The idea of "West versus Islam" is too sharp a distinction.
It might have hurt Muslims living in the West but it also increased the allure of political Islam for the masses facing the West's neo-colonialists.
The items of popular culture suggesting "Muslims are terrorists," have begun to fade from memory, with the 9/11 images almost sepia tinted.
Also, the interest shown in Islam increased more and more in academia and among the "unhappy" intellectual groups of the West.
Besides, the rapid progress in digital communication technologies succeeded in forming relations between the leading Western societies and the peripheries of the Islamic world.
Uneasy neoconservatives and chronic anti-Islamists developed a new plan which would alienate the West from Islam and undermine the Muslims' reluctance to secularize. In 2005, Washington discussed a strategy called "Islam against Islam" in detail. It was even emphasized that the West might have to take the risk of having "necessary pain" in economic terms to achieve this.

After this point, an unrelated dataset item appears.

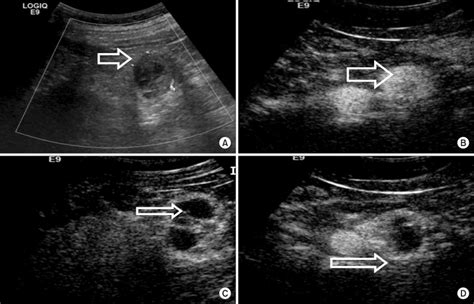 Renal Cell Carcinoma Ultrasound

These thoughts, which were shelved when neoconservatives were politically defeated, were revived and tabled again from 2010.

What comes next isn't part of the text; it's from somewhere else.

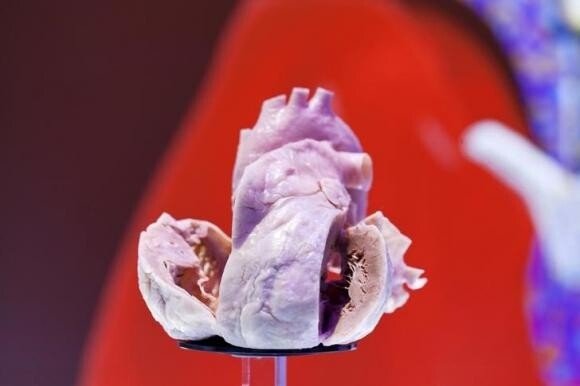 瑞士工程师借鉴钟表自动上发条原理，研发出无电池心脏起搏器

Today, this plan might be implemented throughout the Middle East from northern Pakistan to Nigeria, and from Syria to Iraq.
This is a vicious strategy forcing a Muslim to bow his head and remain silent when an ordinary and naive Western man asks "Are the Muslims always in conflict with each other and shedding blood?"
The focus of the "Islam versus Islam" strategy is doubtlessly the sectarian conflicts. The sects are the Achilles' heel of the Islamic world and the West knows well all too well how to aim at it for its own interests.
Now we are on the brink of a critical process. The current situation of Iraq clearly illustrates it. But we were supposed to be ready for this.
We were supposed to be alert when a chaotic conflict atmosphere was triggered as the Free Syrian Army was suddenly and unexpectedly left alone by the West. When Ikhwan, which had a considerable political experience and aimed at both Sunni compromise and peace among the sects, were thrown away by the Egyptian coup, we were supposed to start an earth-shattering revolt.
Unfortunately, it did not happen. We could explain our concerns to the world. Turkey unfortunately was alone on the subjects of Syria and Egypt. It could not express its problems and future anxieties on these matters.
But Turkey made a mistake in that. The country could not see and interpret the monkey business in the background of the salafi organizations supported by the West's best Arabic companions in the Middle East. It underestimated the situation. And now we are on the brink of a sectarian conflict, one which our Foreign Minister Ahmet Davutoğlu said two years ago would be a suicide attempt for the region.
The Western media is constantly supporting the images of "Muslims decapitating each other."
Meanwhile, I would not be surprised if secular Turks would demand the breaking of all ties with the Middle East since they do not like the region at all.
The U.S., Europe and Israel, on the other hand, are waiting for the next move, rubbing their hands in glee.
The only thing that could stop this dangerous course of events is to collaborate for peace in the region with the leadership of Turkey and the Prime Minister Recep Tayyip Erdoğan. I hope any international group is aware of this fact.